Small wonder Inara came back to work at the same restaurant.

Bliss kicks him in the ankle, more annoying than painful, and it isn’t hard to imagine a yappy little ankle-biter dog with her curly hair. “Please tell me he can’t write her anymore,” she says quietly.

“Not without consequence.”

“He doesn’t understand consequence as well as he should.”

“Perhaps not.”

“Is your other pet okay?” Her smile gets wider at his groan, almost friendly. Almost. “Vic mentioned you were gone for a case. Seemed a little strange he and Mercedes wouldn’t be there.”

“We do individual consults, you know.”

“Is she okay?”

“She’s fine for now,” he sighs. He’s starting to think he did something terrible in a previous life to be surrounded by such dangerous women in this one.

He’d do it again in a heartbeat.

“If Guilian offers you the chef’s table, take it,” she advises him. “He doesn’t do it often.”

“Isn’t that in the kitchen?”

“Yep.”

“Don’t you all hang out in the kitchen when you’re not checking on patrons?”

Her wicked laugh answers that. A wiser man would make his excuses, maybe. Make his escape, definitely.

But Guilian holds the kitchen door open in invitation, and Eddison finds himself nodding, and what the hell, how often is he going to get to eat in a restaurant this nice?



The baby’s breath looks different this time. The tissue paper wrapping is sky blue, not green, and there are thin blue ribbons twined through the stiff clusters. The card is the same, though, and I dutifully send pictures along to Finney and Eddison before heading back inside to make sure we have a couple of clean mugs.

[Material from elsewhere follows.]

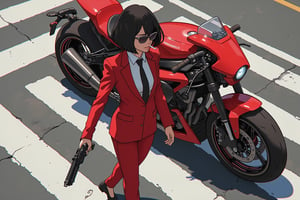 Anime style. Overhead shot of an Asian woman walking away from a futuristic motorcycle parked at a zebra crossing. The woman has bob hair, is smoking. She wear a red business suit, white shirt, black tie, and sunglasses. She holds a gun with a confident grip. The motorcycle itself is red, sleek and metallic, with intricate designs and a futuristic vibe.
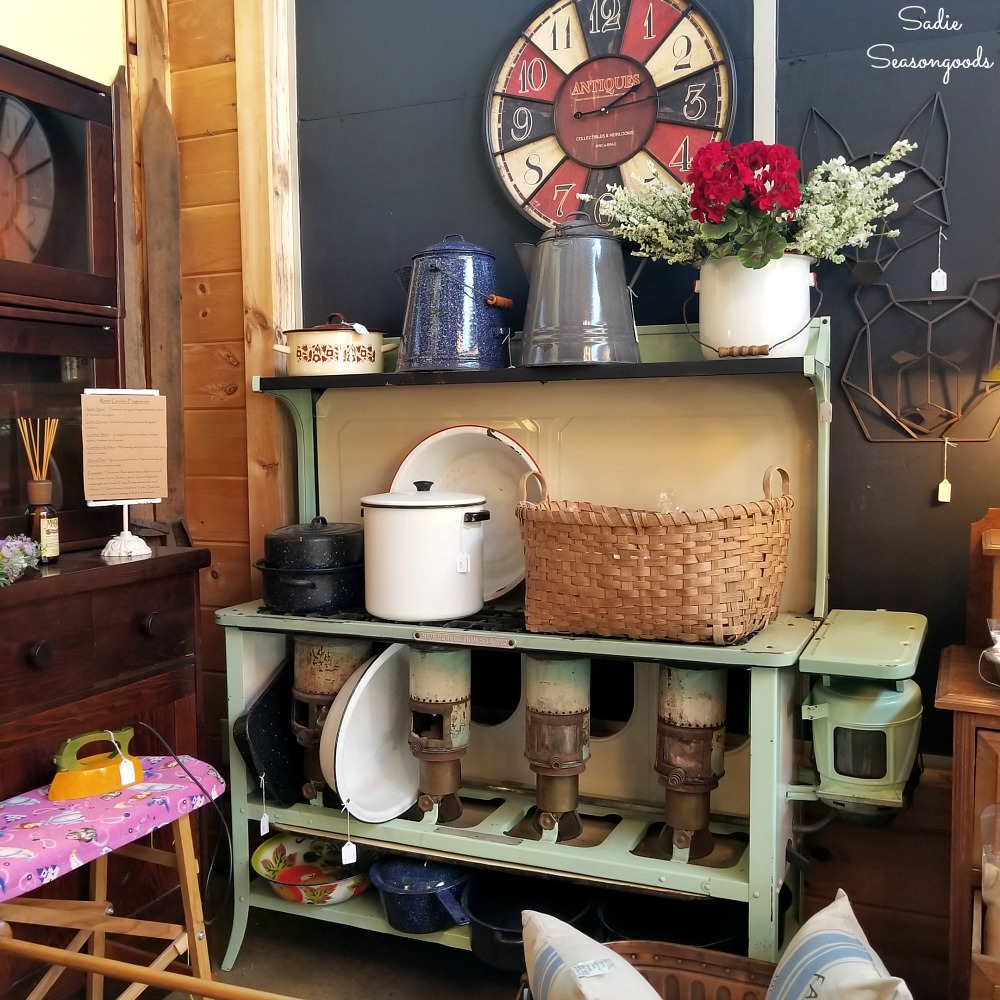Shopping in Blue Ridge GA at April's Attic for antiques and primitive decor by Sadie Seasongoods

When my new agents arrive, Archer accepts the offer of coffee with a startled smile, while Sterling sheepishly asks if we have any tea.

Lord, do we ever.

Archer keeps giving me strange looks as they check over the bundle and ask me questions, like he expects me to still be bitchy about last Thursday. I don’t generally have the energy for grudges, but if it makes him sweat, I’m content to leave the impression uncorrected. Sterling keeps an eye on him, in a very subtle, understated way. Archer probably doesn’t even notice. I don’t know that I would have picked up on it if she hadn’t deliberately caught my eye before turning back to him.